Thursday, April 8, 2010

Doug Henwood on March employment numbers

While the headline job gain of 162,000 looked pretty decent, especially after the huge declines of 2008 and early 2009, 30% of the gain came from temporary workers hired to conduct the Census, and another 25% came from temp firms in the private sector. So more than half the gain was in jobs designed not to last.

There were a few bright spots. Manufacturing added 17,000 workers, its third consecutive monthly gain—a sterling performance for a sector that lost jobs for 35 months in a row, and was in its own private recession for a dozen years. Manufacturing employment is now below where it was in 1941—not as a percentage of the total workforce, but in absolute numbers, a period when overall employment nearly quadrupled. (Manufacturing was over 30% of total employment then; now, it’s 9%.) Employment in bars and restaurants also grew, good news for the sybarites among us.

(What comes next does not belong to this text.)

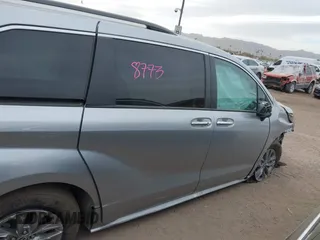 2024 Toyota Sienna XLE with VIN 5TDYRKEC3RS193861, listed as a IAAI auction lot 41567890 with 18,630 mi miles. Bid and sale history available at carsss.com. Image 13.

The unemployment rate held steady at a very high 9.7%, and the broadest measure of joblessness, the so-called U-6 rate, which takes account of people working part time who want full time work but can’t find it as well as those who’ve given up the job search as hopeless, rose 0.1 point to 16.8%, an extremely high number. The probability of a person unemployed in February finding a job in March fell below 20%, to an all-time low (and these numbers, using a technique borrowed from the economist Robert Shimer, go back to 1948).

Average earnings fell by 0.1%, before adjusting for inflation. Declines in wages are very rare, so despite the vaguely improving tone of the employment stats, the labor market continues to be very weak.

We’re in a deep hole, and it’s going to take a long time to get out of it.